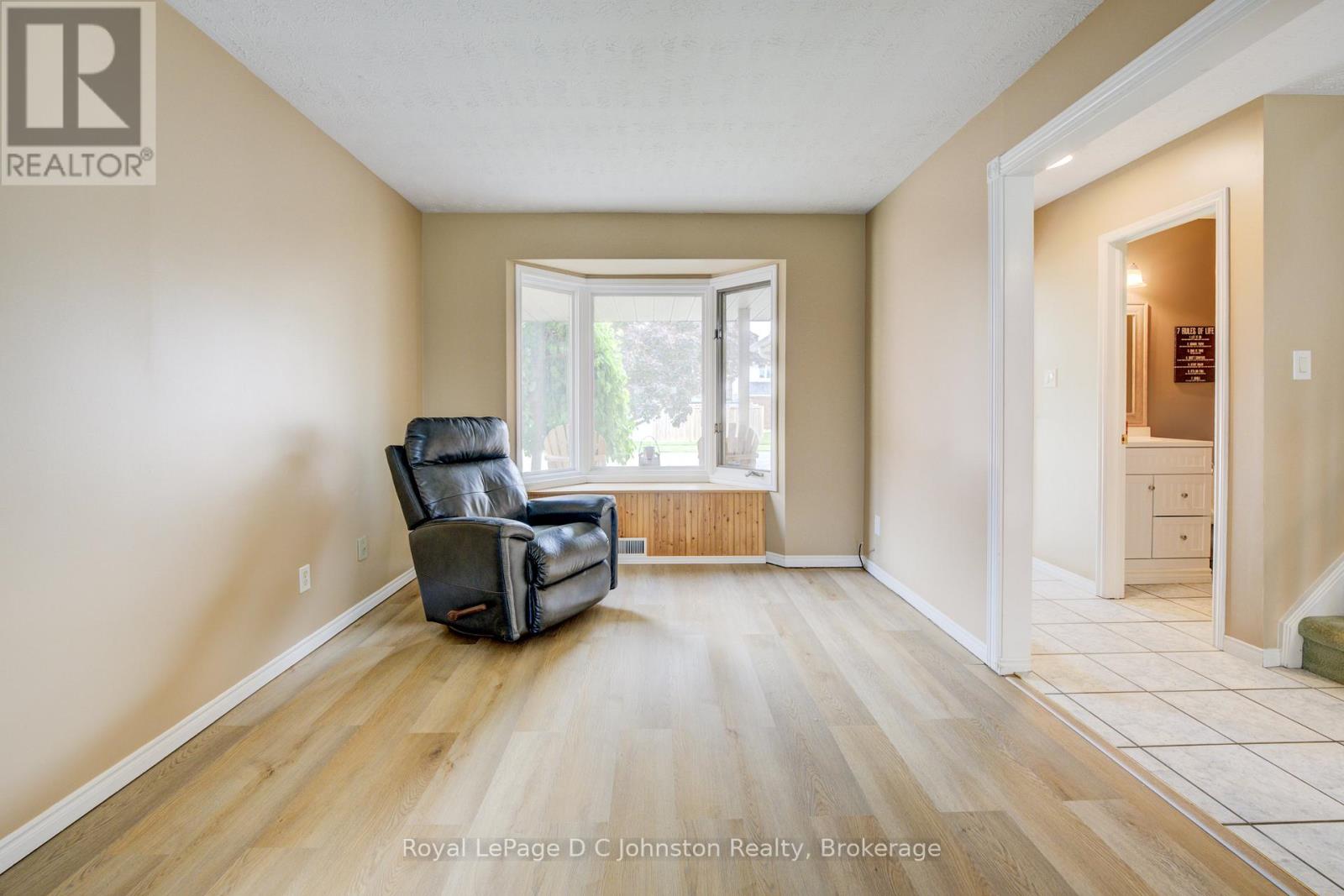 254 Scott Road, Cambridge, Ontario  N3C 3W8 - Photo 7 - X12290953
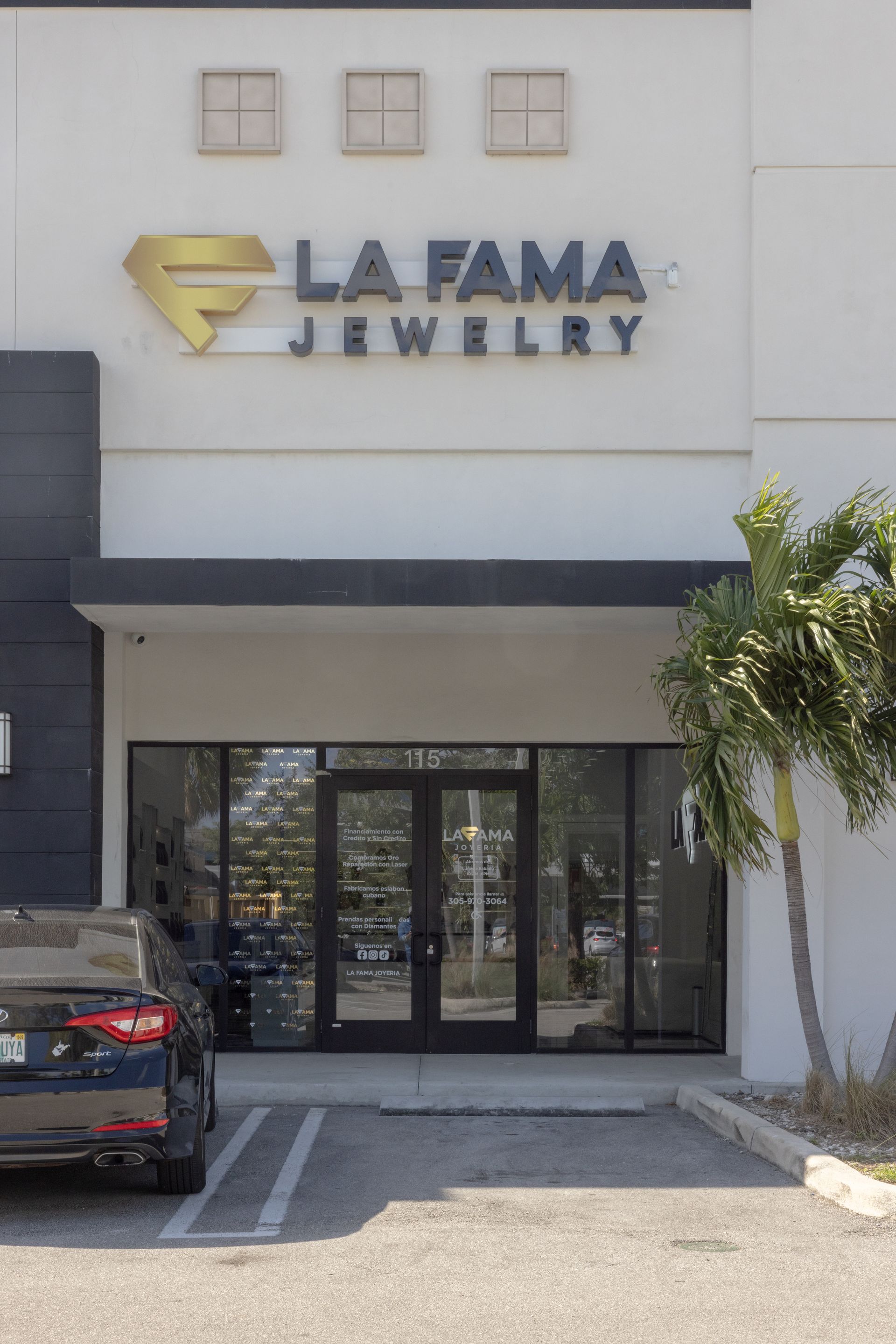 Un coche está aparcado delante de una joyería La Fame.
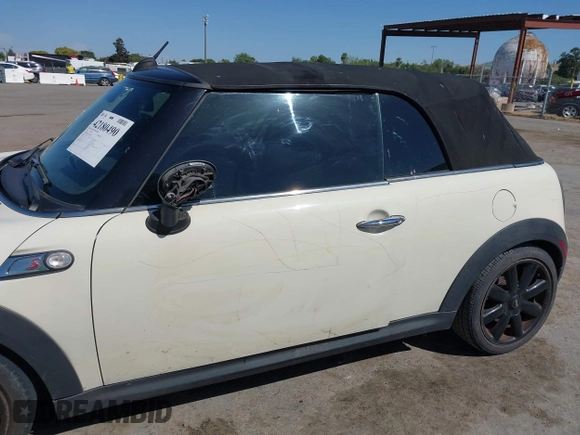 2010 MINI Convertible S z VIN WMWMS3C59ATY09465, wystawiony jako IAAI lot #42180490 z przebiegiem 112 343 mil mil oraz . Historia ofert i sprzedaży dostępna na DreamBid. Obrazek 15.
==
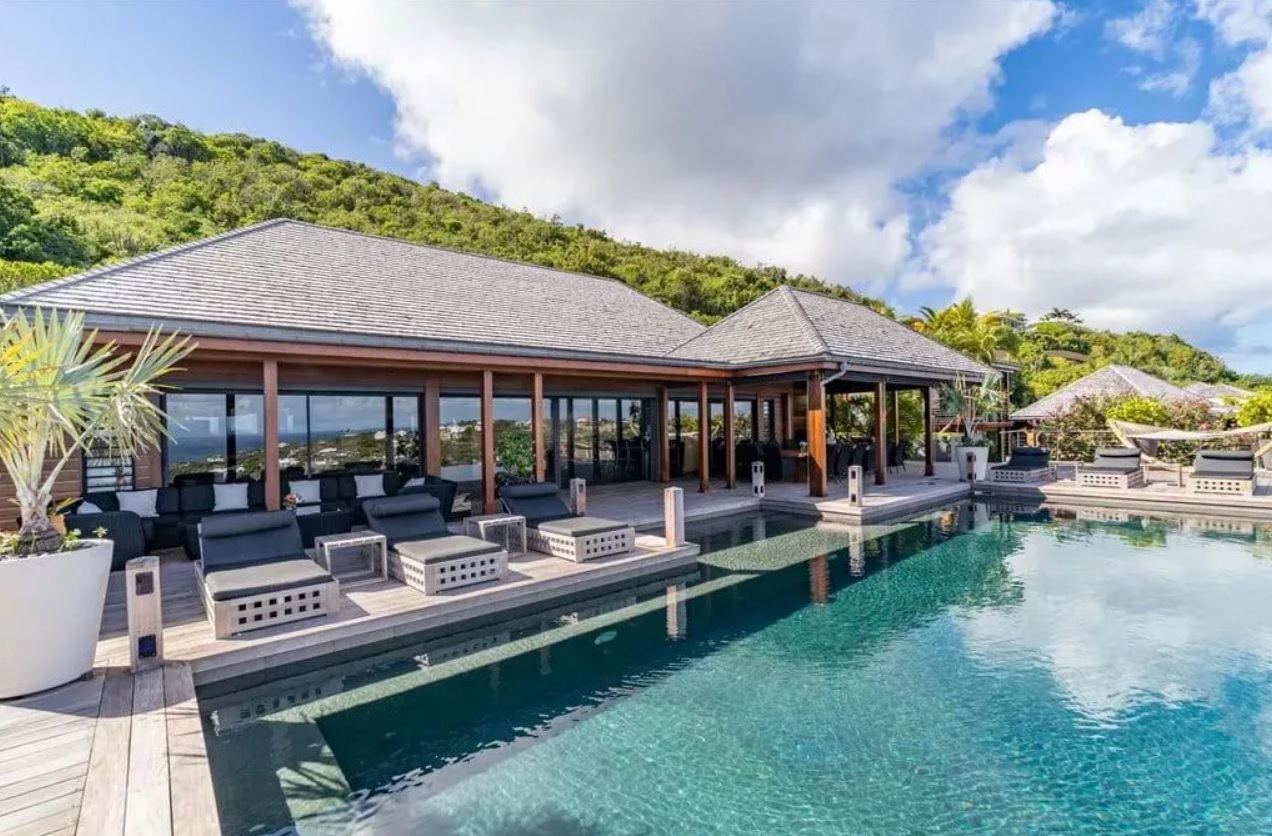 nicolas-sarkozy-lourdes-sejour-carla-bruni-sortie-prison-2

__YOUR GOAL__:
Quote the data above exactly from the line with "254 Scott Road, Cambridge, Ontario" to the line with "2010 MINI Convertible", both ends counted, and nothing else. Pictures don't go in.

__YOUR RESPONSE__:
 254 Scott Road, Cambridge, Ontario  N3C 3W8 - Photo 7 - X12290953
 Un coche está aparcado delante de una joyería La Fame.
 2010 MINI Convertible S z VIN WMWMS3C59ATY09465, wystawiony jako IAAI lot #42180490 z przebiegiem 112 343 mil mil oraz . Historia ofert i sprzedaży dostępna na DreamBid. Obrazek 15.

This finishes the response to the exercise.